Chris Cornell: Carry On
Chris Cornell - Carry On - [Interscope Records]


Would you like to hear Eddie Vedder going "A B C, 1 2 3. Baby, you and me"? Or Scott Weiland shouting "Just beat it, beat it, beat it, beat it. No one wants to be defeated"? Or even the late Lane Staley with "You know I'm bad, I'm bad. You know it"? How about a melancholic Leonard Cohen/Jeff Buckley-like version of Michael Jackson's "Billy Jean" done by none other than Chris Cornell? Nope, neither would I.

The cover picture suggests it, the song titles and lyrics do too, and the whole design does as well – without listening to a single track from "Carry On" one would've guessed Chris Cornell is now a single-songwriter. So far so good, but there's just this tiny little bit of information that doesn’t fit into this fantasy – the music on it. Judging by the actual songs, this one just doesn't seem to get enough air out as it got in to look so buff. So since Cornell is one of the best vocalists ever to encounter the human ear, it is with much sorrow that this album is declared as lame. But for his sake, he did try.

Even before this solo effort, the responses towards Chris's recent departure from Audioslave were parted: some thought it is a bad career move, for his trademark vocal contrast fit Tom Morello's high-voltage guitars perfectly and would continue to for at least a few more years, but were thrilled to hear Rage Against The Machine are back, while others thought Audioslave said exactly what they had to say in the three albums they did manage to release, and (of course) were thrilled to hear that Rage Against the Machine are back. At 43 years of age, with about 15 of those in grunge (Soundgarden/Temple Of The Dog, anyone?), and another 6 in Audiosalve, after so much experience on stage and off stage (the ladies will agree he is a handsome man), it is clear why the album is so impotent.
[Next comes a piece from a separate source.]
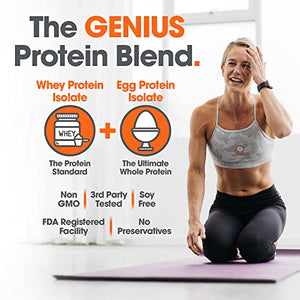 Genius Protein Powder - Natural Whole Food Egg White & Whey Protein Isolate Lean Muscle Building Blend for Women & Men Grass Fed Post Workout Meal Replacement Shake for Recovery, Chocolate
Fatigue. When a man reaches that age, as legendary as he may be, there are consequences- getting fatigued more easily, being less wild, using less distortion, writing differently…

Regardless, "Carry On" starts off pretty well. "No Such Thing" has the crunch you'd expect from this dude and the vocals just elevate it to being a standout; kudos to Nir Zidkyahu for the great drumwork too. Follower "Poison Eye" shifts, as expected, to a lower gear but only to be a stable Harley-riding southern number. Seconds after the good backwards solo in it, the album shows signs of the problems to follow; there's this overall feeling of "what was he thinking?" on the way to the last refrain.

Only advice I can give ya'll is to skip most of "Carry On", especially the splattered with gospel "Safe And Sound", odd country number "She'll Never Be Your Man" or even odder upbeat song "Ghosts".
Other parts to skip? The insipid first half of "Killing Birds" (the second one is pretty much ok), the overly plain "Finally Forever", the first-year-drama-student acting "Silence The Voices", and the album's crowning glory – the aforementioned "Billy Jean" cover.

Among the better, but not outstanding, cuts there's "Scars On The Sky", which softens it's way in, as if it were a dog with its tail between its legs, knowing it just did a bad thing ("Billy Jean") and is about to receive some discipline. Another good cut – "Your Soul Today" – follows and makes you forget all about disciplining; this old dog still knows a couple of capturing tricks, the backing keys just get you placated. "Disappearing Act" is an OK emotional mellow number and "You Know My Name", which glues an orchestra to Cornell's voice in a James Bond single – both close the album with a lot less than a bang, more like going to sleep early on a Friday.

Those expecting to find another Audioslave album or fantasizing about a Soundgarden album are in for a surprise. Even in the over-used comparison to Cornell's first solo effort, "Euphoria Morning", this one may sell more copies overall but it is hardly as good in quality. One look at well-known producer Steve Lillywhite's past producer albums list is enough to know what album to skip and exactly why, how and where Cornell's mighty voice is being hidden; Over-polished production/progression strangles full head voices like Cornell's.

On the plus side, this is a great singing lesson for anyone ever to hold a microphone on stage, or a shower head in bathroom. A few of numbers do work ("No Such Thing", "Poison Eye", "Your Soul Today") and it does grow on you, even if it does grow just to fit that long and not so interesting drive to your mother-in-law; It beats listening to your wife nagging, that's for sure.